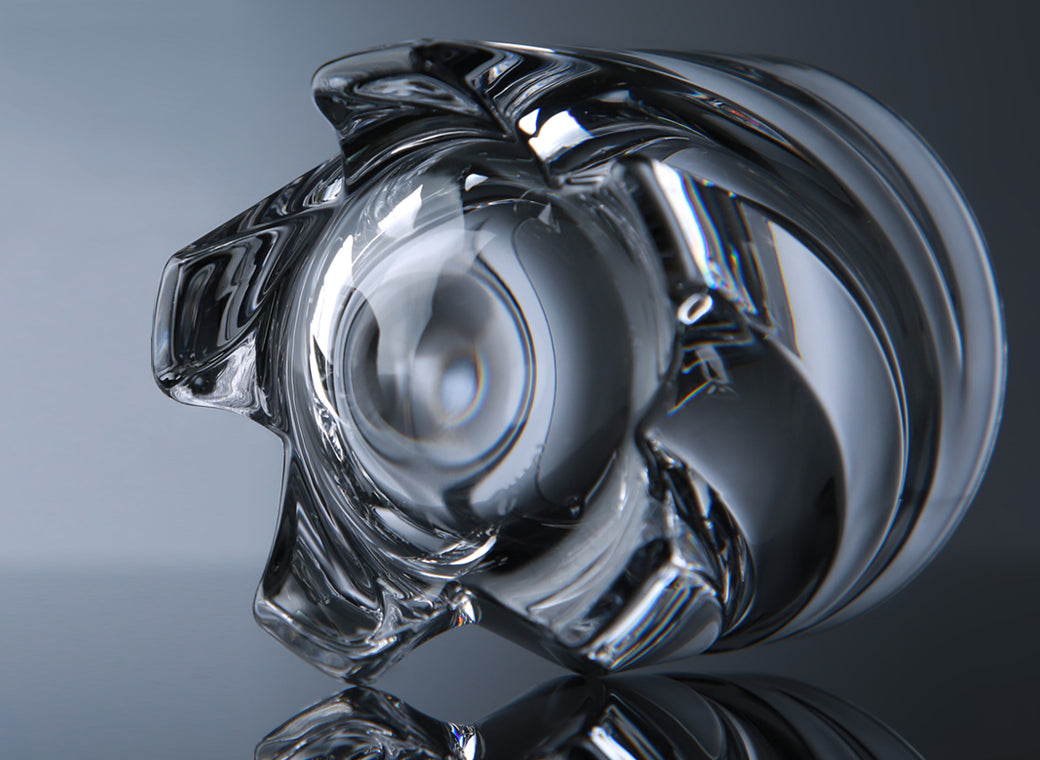 Close-up view of the bottom of a crystal shot glass with a unique, twisted design, placed on a reflective surface against a soft blue background.
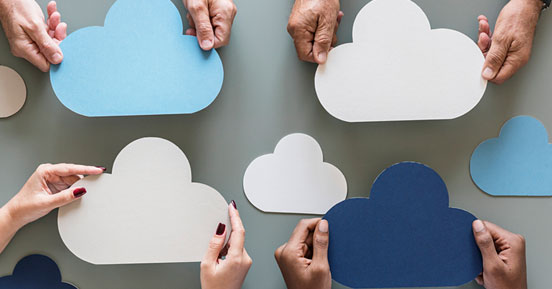 Is the Cloud the best solution for storing all your data- People holding tiny cloud shaped cards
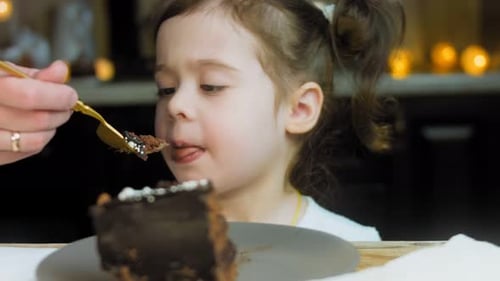 Child Eats Chocolate Cake with Golden Fork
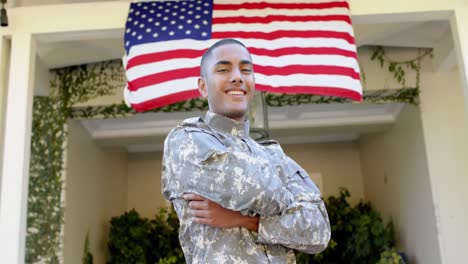 portrait of happy biracial male soldier in garden over american flag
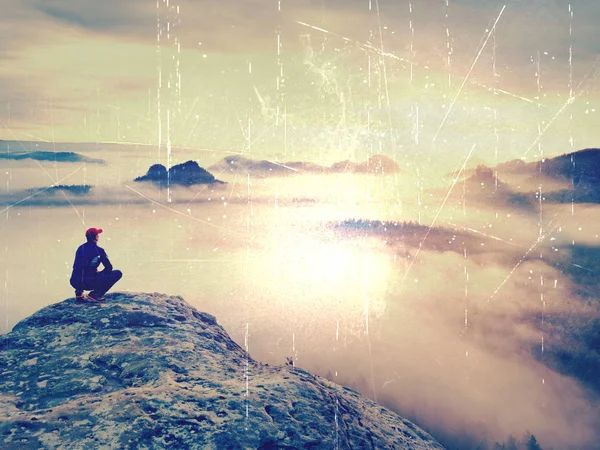 Абстрактный эффект. Турист сидит на вершине песчаника рок и смотреть в красочный туман и туман в утренней долине . — стоковое фото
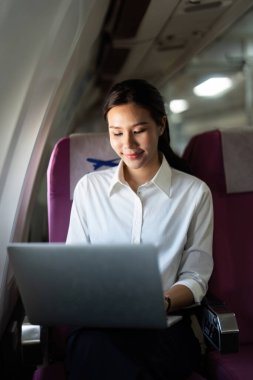 Bir iş gezgini, uzaktan çalışma ve havada üretkenlik örneği olan dizüstü bilgisayarıyla mutlu bir şekilde meşgul olur..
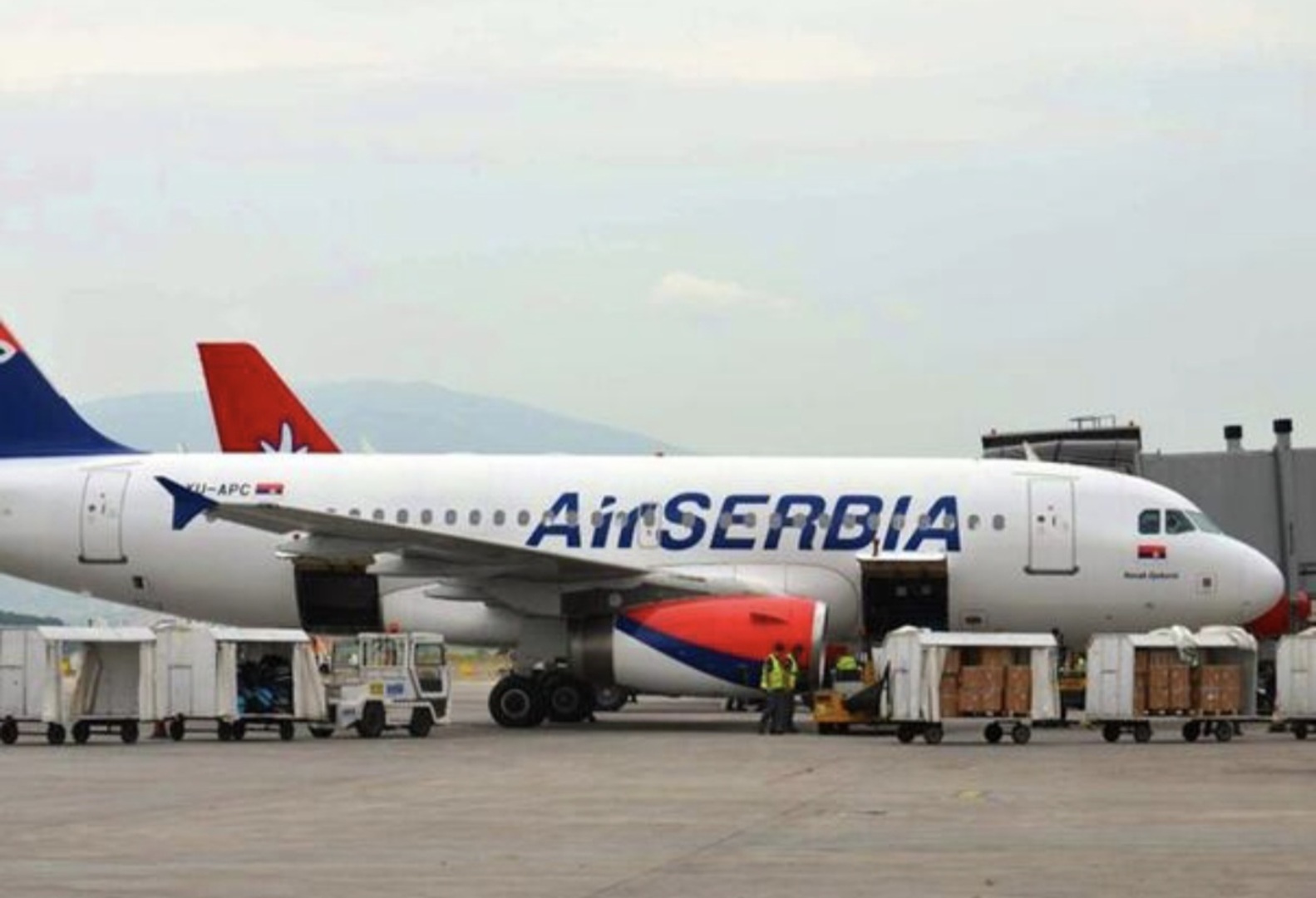 U avionu za Srbiju evakuisani i putnici iz BiH - slika 1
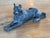 19th century Austrian bronze dog lying with forelegs stretched out and head raised, tongue lolling, ears pricked, wearing...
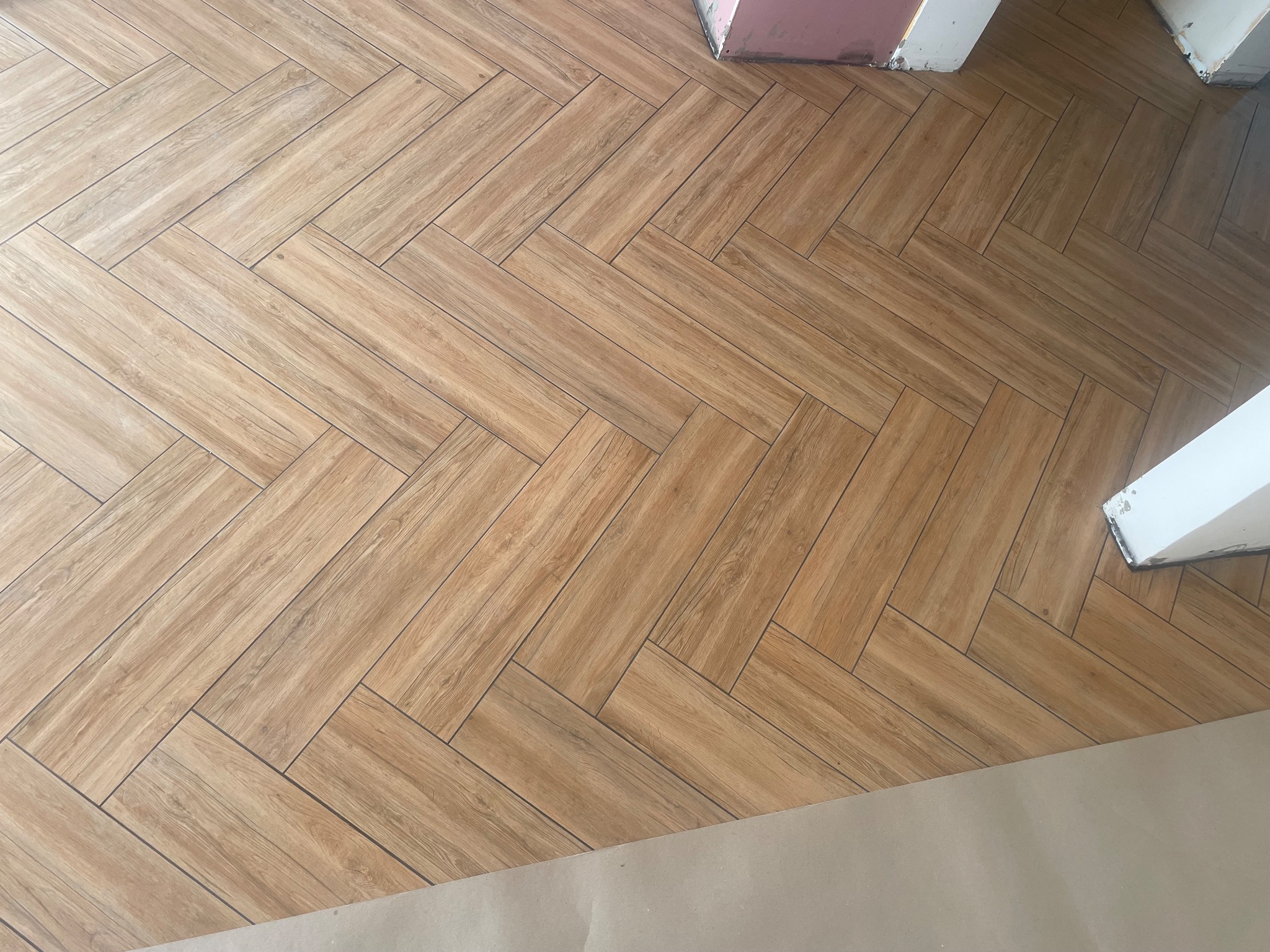 Ułożona w jodełkę podłoga z płytek imitujących drewno, widoczny fragment ściany w trakcie prac wykończeniowych.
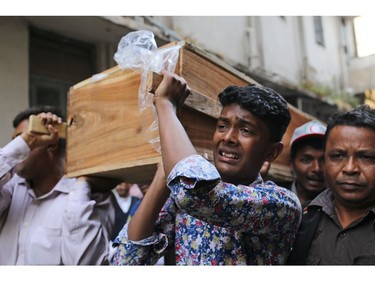 A Bangladeshi boy cries as he carries the coffin of a relative who died in a fire in Dhaka, Bangladesh, Thursday, Feb. 21, 2019.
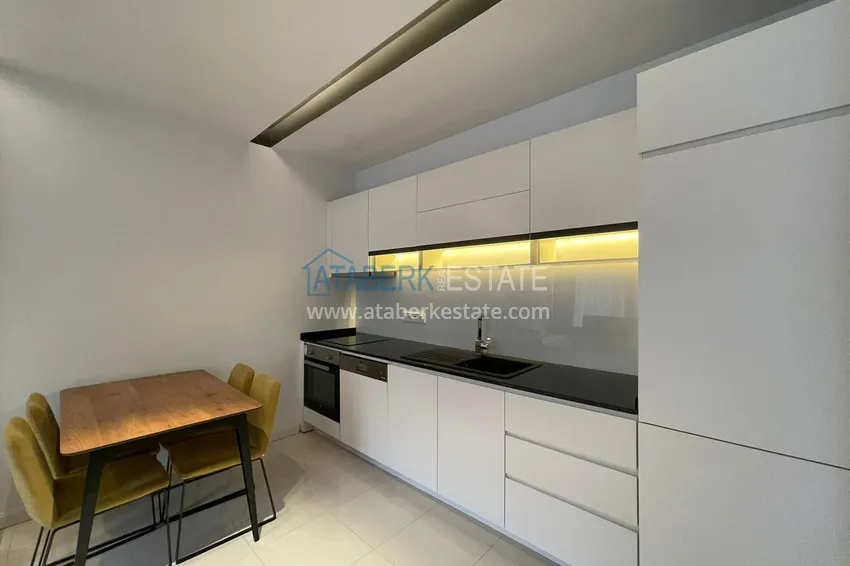 Приобрести Квартира в районе Оба с мебелью на первой береговой линии 9 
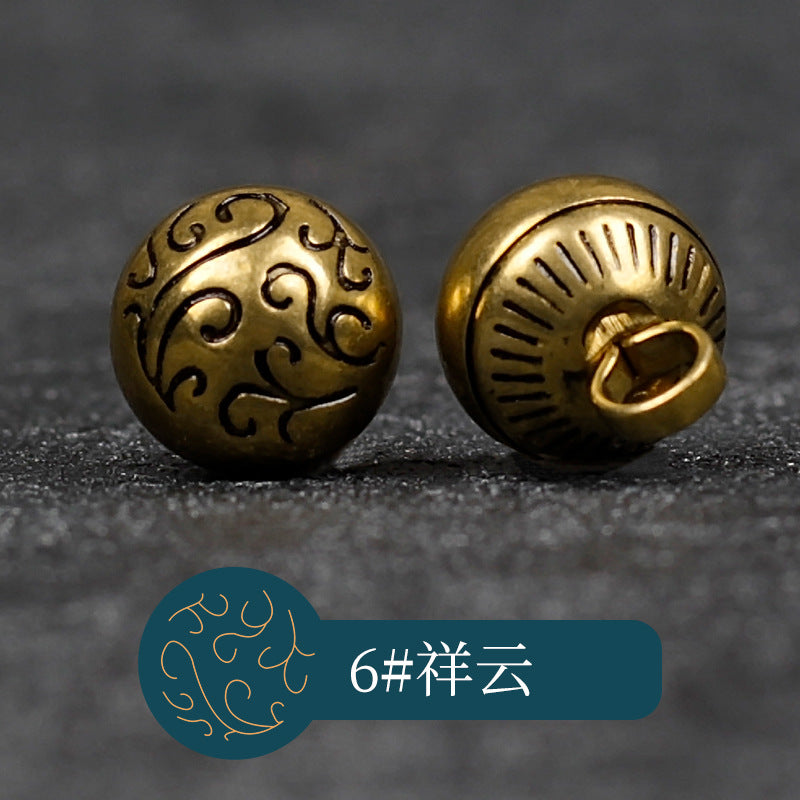 Copper swirl-motif button front and ridged half-moon back with looped shank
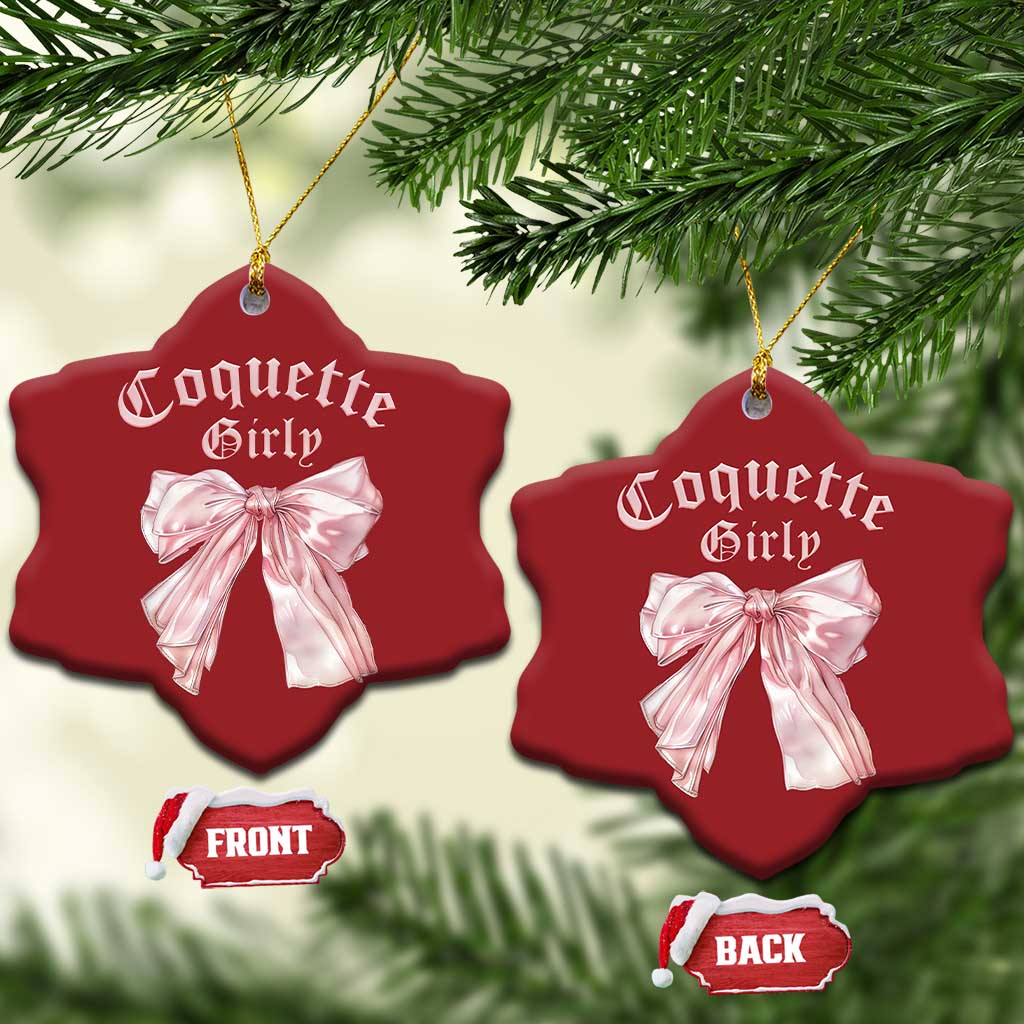 Pair of red heart Christmas ornaments with pink bows and gold hanging strings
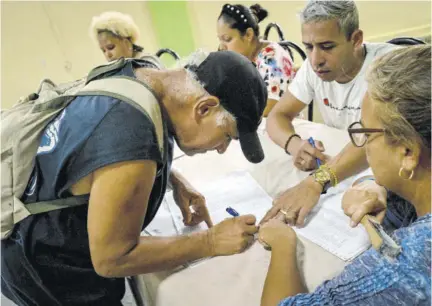  ?? (Photo: AFP) ?? HAVANA, Cuba — A man votes at a polling station during the new Family Code referendum in Havana on September 25, 2022. Cubans voted in a landmark referendum on whether to legalise same-sex marriage and adoption, allow surrogate pregnancie­s, and give greater rights to non-biological parents.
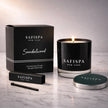Luxury sandalwood candle in black glass vessel, clean-burning soy wax with warm woody fragrance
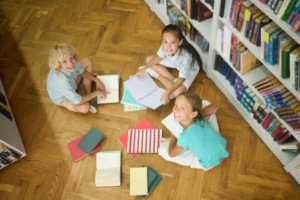 hree children sitting on a wooden floor in a Madrid library surrounded by books, smiling and learning Spanish together.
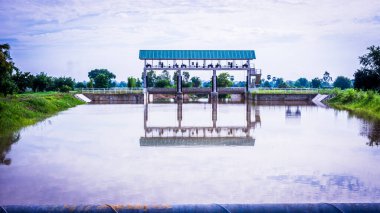 Görkemli bir mavi su kapısı berrak bir mavi gökyüzüne karşı dimdik ayakta duruyor, yansıması durgun suda yansıtılıyor, sakin ve resimsel bir manzara yaratıyor. Su kapıları, sellerin önlenmesi, yaşamların ve mülklerin korunmasında hayati rol oynar..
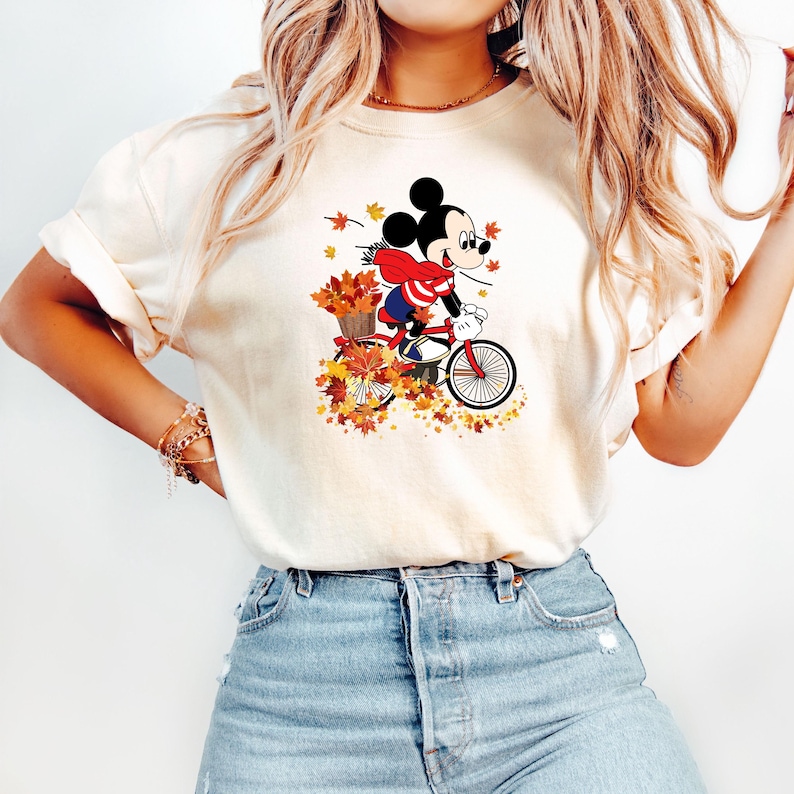 May include: Cream-colored t-shirt featuring a graphic of Mickey Mouse riding a red bicycle through autumn leaves. Mickey wears a red scarf and is carrying a basket of fall foliage. The design is set against a backdrop of falling leaves.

-*-

▶ EXERCISE INSTRUCTIONS:
Leaving every picture behind, retype the entries above exactly, from the first line through the line with "Pair of red", and stop there.

▶ RESULT OF THE EXERCISE:
 Close-up view of the bottom of a crystal shot glass with a unique, twisted design, placed on a reflective surface against a soft blue background.
 Is the Cloud the best solution for storing all your data- People holding tiny cloud shaped cards
 Child Eats Chocolate Cake with Golden Fork
 portrait of happy biracial male soldier in garden over american flag
 Абстрактный эффект. Турист сидит на вершине песчаника рок и смотреть в красочный туман и туман в утренней долине . — стоковое фото
 Bir iş gezgini, uzaktan çalışma ve havada üretkenlik örneği olan dizüstü bilgisayarıyla mutlu bir şekilde meşgul olur..
 U avionu za Srbiju evakuisani i putnici iz BiH - slika 1
 19th century Austrian bronze dog lying with forelegs stretched out and head raised, tongue lolling, ears pricked, wearing...
 Ułożona w jodełkę podłoga z płytek imitujących drewno, widoczny fragment ściany w trakcie prac wykończeniowych.
 A Bangladeshi boy cries as he carries the coffin of a relative who died in a fire in Dhaka, Bangladesh, Thursday, Feb. 21, 2019.
 Приобрести Квартира в районе Оба с мебелью на первой береговой линии 9 
 Copper swirl-motif button front and ridged half-moon back with looped shank
 Pair of red heart Christmas ornaments with pink bows and gold hanging strings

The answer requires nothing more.